В ярости Лавров был подобен толпе, которая в погоне за негодяем набивается в узкое помещение с низким потолком, железная дверь с шумом захлопывается, свет гаснет, тесно, страшно, нечем дышать.

В ярости Лавров был подобен.

С воплем: «Урою, мразь!» он рванул из комнаты, мимо пустующего стола надзирателя (лампа, книга, побуревший огрызок, перочинный ножик), сбежал по лестнице, устремился, как клокочущая лава, в сумеречные переходы спортивного комплекса, бормоча: «Не уйдешь!», «Обезврежу!», «Искореню!», «Отыграюсь!» Его не подмывало ломать, крушить, крошить, напротив, на бегу он возводил головокружительную башню, просвечивающую закатом. Ярус за ярусом. Он открывал двери ногой, раздвигал занавеси, кидался из стороны в сторону, но – была уже глубокая ночь, нескончаемые коридоры тянулись безлюдно, гимнастические залы в серой темноте казались запасником доисторических остовов, тишину нарушали лишь крысы, возившиеся в груде поломанной мебели, и слабые отзвуки музыки из подвала, где недавно открыли ночной клуб…

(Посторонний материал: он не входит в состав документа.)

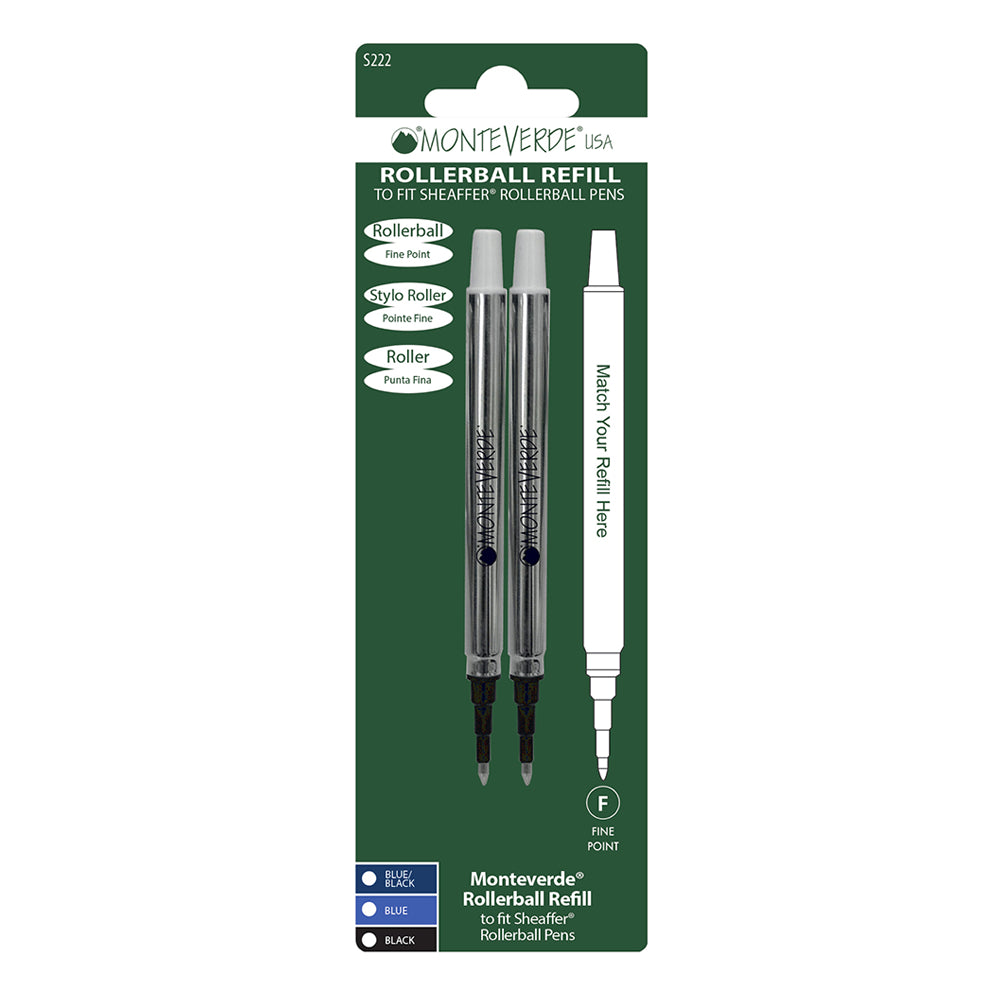 Recharge Monteverde compatible pour stylo roller Sheaffer Noir Fine (deux recharges), présentée sous blister de face sur fond blanc.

Вряд ли бы Лавров смог толково объяснить, какими путями он оказался возле кабинета директора. На месте секретарши еще сидел запах резеды. Из пишущей машинки торчали листки, проложенные копиркой. Дверь в кабинет приоткрыта.

Вошел.

В полумраке, обласканная луной, тускло сияла бронзовая статуя легендарной пловчихи. Из-под стола протянулась угловатая тень, которую Лавров принял за плоский труп директора.

Он зажег свет, неожиданно яркий.

Директор лежал, вытаращив глаза и свесив черный язык. Блестела струна, узлом взрезавшая горло. Игральные кости, выпавшие из скрюченных пальцев, показали нагнувшемуся два и три. Под потолком, вокруг лампы медленно, тяжело кружила большая серая птица… «Gott ist tot», зачем-то подумал Лавров, «Gott ist tot».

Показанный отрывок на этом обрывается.